TIEMPO DE GUERRAS PERDIDAS (I) de Caballero Bonald
La primera vez que vi el mar fue en Sanlúcar de Barrameda, el verano anterior al comienzo de la guerra civil. Lo sé porque ese mismo año hice la primera comunión y mi conducta antes y después de la ceremonia fue tan deficiente que me amenazaron con privarme del veraneo. Aunque la amenaza no era exactamente viable, a mí me pareció tan despiadada que hice toda clase de méritos para que no se cumpliera. El asunto tuvo sus prioridades tragicómicas. Yo, de niño, tenía el pelo rubio y ensortijado y, de acuerdo con esas presuntas señas alegóricas, el capellán del colegio de los Marianistas me había elegido como heraldo seráfico de la función, o sea, que debía abrir el desfile de los comulgantes portando una vela rizada y, lo que era peor, un ramito de azucenas que debía depositar al pie del altar. A mí todo eso me traía a mal traer, sobre todo por lo que el papel de angelito tenía de aniñado, y no hacía más que pensar como librarme de semejante bochorno.

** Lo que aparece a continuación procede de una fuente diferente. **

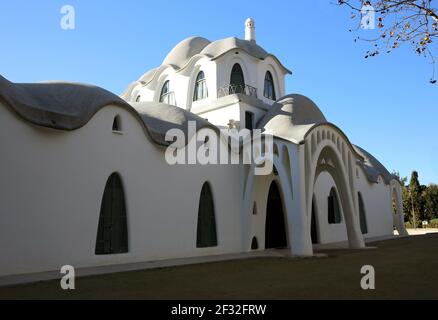 Masia Freixa ( 1907 ). Edificio modernista ispirato a Gaudí. Lluis Moncunill architetto. Parc de Sant Jordi, Terrassa, Catalogna. Spagna. Foto Stock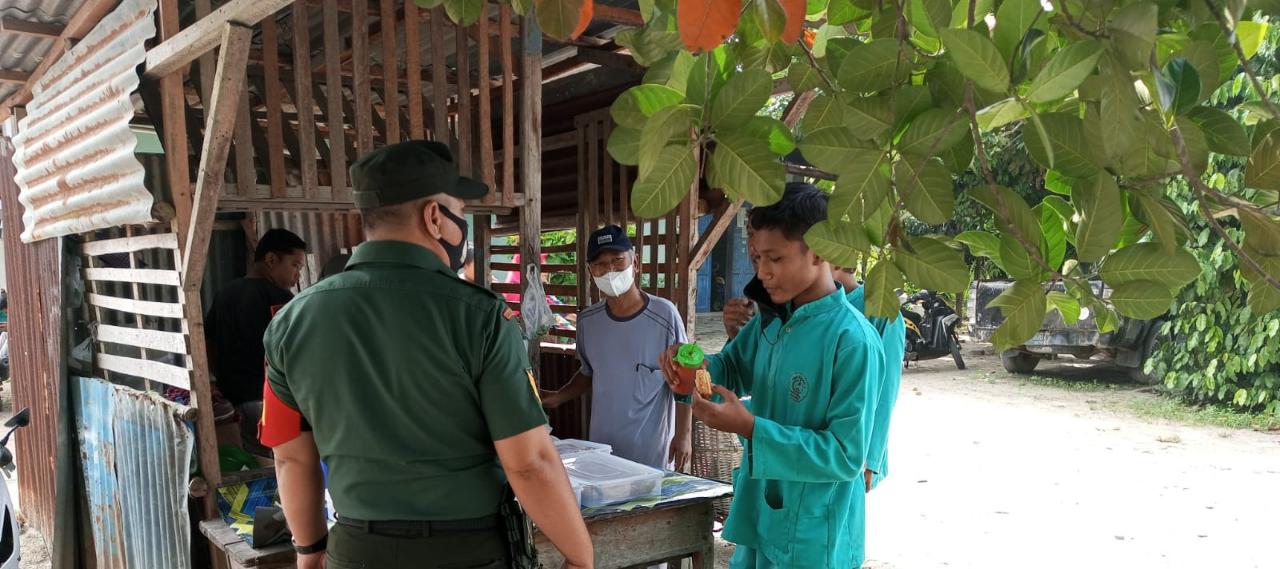 Serma Zul Efendi Sosialisasikan Pencegahan Covid-19 Dengan Anak Sekolah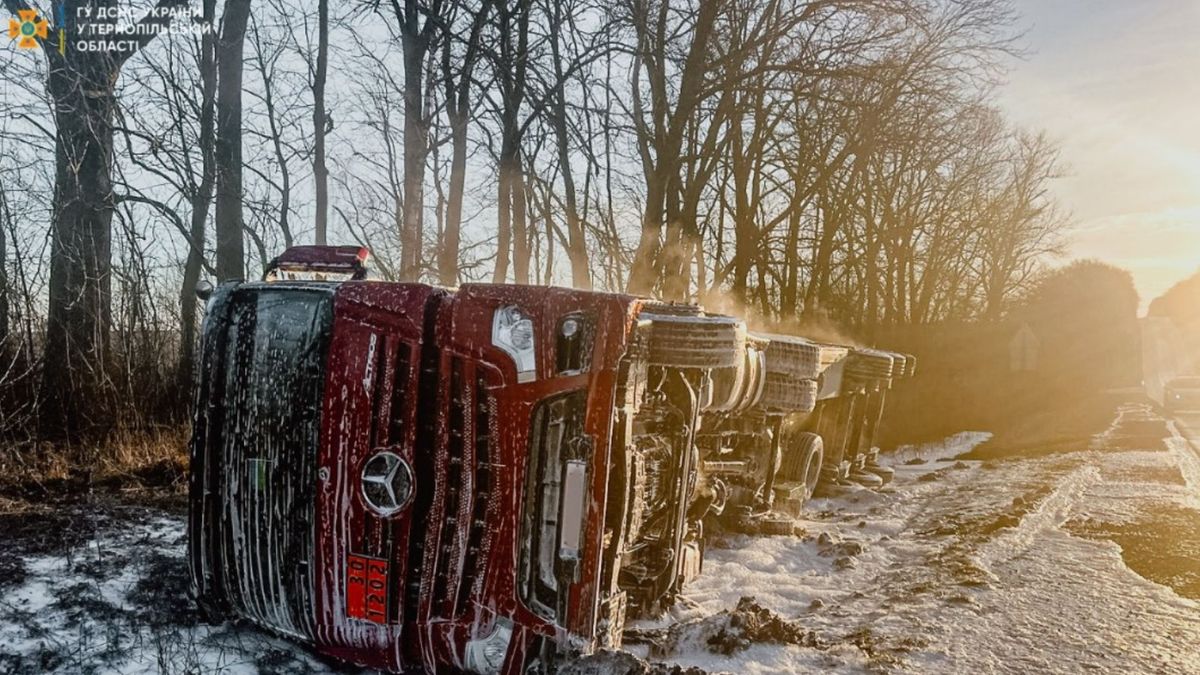 Через негоду на Тернопільщині перекинувся бензовоз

Así que la misma mañana abrileña en que iba a celebrarse la primera comunión me levanté más pronto de lo debido y, sin encomendarme a Dios ni al diablo, procedí a teñirme el pelo con un trozo de carbón y a planchármelo con un cepillo empapado en tragacanto. La operación me dejó literalmente impresentable y, cuando mi madre se levantó y me vio de aquella guisa, apunto estuvo de sufrir un soponcio. Ella no tenía la garganta preparada para levantar la voz, y nunca lo hacía, pero aquella vez prorrumpió en exclamaciones demasiado agudas que la dejaron seriamente afónica. Me tuvieron que enjabonar la cabeza a toda prisa, con lo que recuperé mi estado normal, y pudimos llegar al colegio sin mayores tropiezos. Lo único que andaba mal era mi ánimo y me sentía tan furioso y sublevado con el mundo que tuve la absoluta convicción de que iba a comulgar en pecado mortal. Ignoro si me arrepentí en el momento preciso, o no me arrepentí en ningún momento, pero en todo caso me resigné a hacer la comunión con la debida compostura. Lo peor vino después.